Harry Campos Cervera, médico especialista en Psiquiatría analizó que “hay un mandato cultural que indica que hay que pasar estas fiestas con gente y esto hace que se construya un ideal que si no se puede alcanzar se produce una especie de depresión. Es un bombardeo permanente, el tema Navidad invade todos los espacios y se relaciona con estar con alguien”. 

Celia Antonini, psicóloga y escritora dijo que es sólo una cuestión de actitud. “Quien elige estar solo no la pasará mal porque es una elección, muchas veces basada en características de personalidad, por tratarse de personas tímidas o simplemente porque no les gustan las reuniones”.

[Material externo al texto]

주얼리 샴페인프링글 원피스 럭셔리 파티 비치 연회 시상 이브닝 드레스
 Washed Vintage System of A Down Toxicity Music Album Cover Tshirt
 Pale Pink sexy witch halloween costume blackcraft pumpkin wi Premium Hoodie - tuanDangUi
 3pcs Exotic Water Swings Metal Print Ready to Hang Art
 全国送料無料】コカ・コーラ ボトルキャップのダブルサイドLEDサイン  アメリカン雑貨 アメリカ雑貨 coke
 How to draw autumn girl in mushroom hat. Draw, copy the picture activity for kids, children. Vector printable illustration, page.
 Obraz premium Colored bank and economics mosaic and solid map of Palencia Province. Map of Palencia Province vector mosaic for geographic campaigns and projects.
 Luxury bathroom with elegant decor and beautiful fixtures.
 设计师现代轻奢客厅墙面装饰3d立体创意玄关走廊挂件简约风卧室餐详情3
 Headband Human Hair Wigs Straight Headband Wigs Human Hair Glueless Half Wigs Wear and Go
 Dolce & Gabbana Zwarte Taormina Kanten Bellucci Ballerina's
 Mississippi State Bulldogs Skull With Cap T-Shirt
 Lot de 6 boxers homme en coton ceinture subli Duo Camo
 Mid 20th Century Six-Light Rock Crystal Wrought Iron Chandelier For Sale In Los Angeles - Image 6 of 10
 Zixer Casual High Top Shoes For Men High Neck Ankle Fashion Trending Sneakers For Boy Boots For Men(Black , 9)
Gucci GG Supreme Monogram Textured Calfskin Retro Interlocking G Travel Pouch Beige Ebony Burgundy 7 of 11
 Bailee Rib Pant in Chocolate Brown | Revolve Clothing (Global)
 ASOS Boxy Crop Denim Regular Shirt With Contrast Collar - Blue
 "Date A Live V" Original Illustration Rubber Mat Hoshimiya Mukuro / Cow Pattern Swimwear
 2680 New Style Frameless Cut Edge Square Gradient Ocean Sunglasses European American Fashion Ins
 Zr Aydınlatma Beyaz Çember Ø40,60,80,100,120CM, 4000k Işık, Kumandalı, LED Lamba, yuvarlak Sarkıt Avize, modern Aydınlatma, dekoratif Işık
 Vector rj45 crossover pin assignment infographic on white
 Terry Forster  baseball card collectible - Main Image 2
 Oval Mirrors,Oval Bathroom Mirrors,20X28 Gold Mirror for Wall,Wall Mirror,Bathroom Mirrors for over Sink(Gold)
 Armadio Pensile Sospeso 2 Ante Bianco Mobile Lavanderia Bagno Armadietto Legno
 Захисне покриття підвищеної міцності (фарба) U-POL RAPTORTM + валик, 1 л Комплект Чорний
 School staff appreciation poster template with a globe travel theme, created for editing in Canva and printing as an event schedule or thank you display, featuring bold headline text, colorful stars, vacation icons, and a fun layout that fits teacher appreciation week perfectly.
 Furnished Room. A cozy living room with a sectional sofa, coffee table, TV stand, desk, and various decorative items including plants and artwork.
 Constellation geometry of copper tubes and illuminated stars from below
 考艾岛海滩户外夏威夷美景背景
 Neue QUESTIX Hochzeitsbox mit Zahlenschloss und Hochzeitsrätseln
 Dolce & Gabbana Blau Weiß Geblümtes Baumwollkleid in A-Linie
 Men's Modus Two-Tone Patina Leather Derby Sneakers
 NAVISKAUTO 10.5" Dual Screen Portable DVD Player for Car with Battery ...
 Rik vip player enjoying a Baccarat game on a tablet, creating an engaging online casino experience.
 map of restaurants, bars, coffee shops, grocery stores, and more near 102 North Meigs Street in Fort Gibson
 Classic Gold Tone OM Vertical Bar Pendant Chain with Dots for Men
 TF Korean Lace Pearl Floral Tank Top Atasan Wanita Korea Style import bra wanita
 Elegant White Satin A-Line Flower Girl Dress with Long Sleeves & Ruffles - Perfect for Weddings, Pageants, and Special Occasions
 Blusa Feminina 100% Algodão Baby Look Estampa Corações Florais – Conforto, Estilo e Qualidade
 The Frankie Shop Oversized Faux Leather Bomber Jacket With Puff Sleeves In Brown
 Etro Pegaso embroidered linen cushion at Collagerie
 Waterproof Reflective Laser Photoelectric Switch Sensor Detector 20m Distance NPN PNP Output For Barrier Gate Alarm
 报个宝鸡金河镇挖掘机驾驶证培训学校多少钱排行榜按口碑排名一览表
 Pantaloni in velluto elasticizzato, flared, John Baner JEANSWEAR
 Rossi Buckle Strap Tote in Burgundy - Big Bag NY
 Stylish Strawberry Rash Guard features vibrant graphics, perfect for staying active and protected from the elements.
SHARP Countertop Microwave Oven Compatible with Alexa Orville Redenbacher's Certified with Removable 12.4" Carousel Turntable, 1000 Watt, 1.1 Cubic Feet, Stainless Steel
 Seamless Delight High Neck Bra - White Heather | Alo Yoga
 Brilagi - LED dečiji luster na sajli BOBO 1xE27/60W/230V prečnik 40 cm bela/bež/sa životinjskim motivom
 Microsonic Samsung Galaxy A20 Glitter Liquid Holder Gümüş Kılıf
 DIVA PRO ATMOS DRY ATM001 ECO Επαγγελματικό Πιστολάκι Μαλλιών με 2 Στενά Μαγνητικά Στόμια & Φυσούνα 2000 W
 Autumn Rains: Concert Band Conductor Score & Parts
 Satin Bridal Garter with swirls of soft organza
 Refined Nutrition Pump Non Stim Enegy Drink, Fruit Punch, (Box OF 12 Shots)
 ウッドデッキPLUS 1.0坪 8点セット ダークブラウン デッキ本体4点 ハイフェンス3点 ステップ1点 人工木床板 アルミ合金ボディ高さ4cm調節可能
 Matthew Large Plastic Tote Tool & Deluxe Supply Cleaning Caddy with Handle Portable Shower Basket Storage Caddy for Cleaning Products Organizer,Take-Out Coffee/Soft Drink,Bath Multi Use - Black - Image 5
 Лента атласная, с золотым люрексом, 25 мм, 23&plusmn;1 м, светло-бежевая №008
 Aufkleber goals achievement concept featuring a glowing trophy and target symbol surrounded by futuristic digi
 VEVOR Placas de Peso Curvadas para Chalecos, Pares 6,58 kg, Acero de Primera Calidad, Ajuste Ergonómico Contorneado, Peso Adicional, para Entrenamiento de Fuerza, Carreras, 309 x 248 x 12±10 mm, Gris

Antonini opinó que quien no lo elige por circunstancias ajenas a su voluntad tiene que pasar las Fiestas solo, ?hay mucho que puede hacer para no quedarse en la tristeza”.

Algunos tips útiles

– Hacer un festejo privado. “Mucha gente se prepara una rica cena de  Navidad o Año Nuevo, hace algo especial para sí mismo y festeja  comiendo aquello que no suele comer, o bien opta por hacer algo diferente y especial”.

– Dedicar una noche a la solidaridad. “En este mundo globalizado hoy estar solo es más que nada una elección. Hoy la gente que está sola puede hacer un montón de cosas. Por ejemplo, inscribirse en un voluntariado. Hay muchas organizaciones que se dedican a ayudar a los que menos tienen y 24 y 25 de diciembre trabajan llevando donaciones a quienes más lo necesitan”.

– Buscar compañía. “Otra opción es tocarle el timbre los días anteriores a algún vecino. Quien no tiene familia seguramente tiene amigos, quedarse solo es también una actitud de cada uno”.

– Acercarse a festejos multitudinarios. “Es difícil que la gente se quede sola si hace algo para no estarlo y sobre todo a fin de año, cuando hay muchísimos lugares públicos donde está lleno de gente”.

Con amigos, en familia, compartiendo con la comunidad, o en soledad elegida, que una Navidad sea feliz parece estar al alcance de la mano de todos. Hacer que sea la mejor Nochebuena posible con lo que cada uno tiene es el “mandato”. Accionar, no quedarse quieto y sentirse mejor con uno mismo es el mejor “regalo”; que cada persona a quien este fin de año encuentre sola podrá hacerse.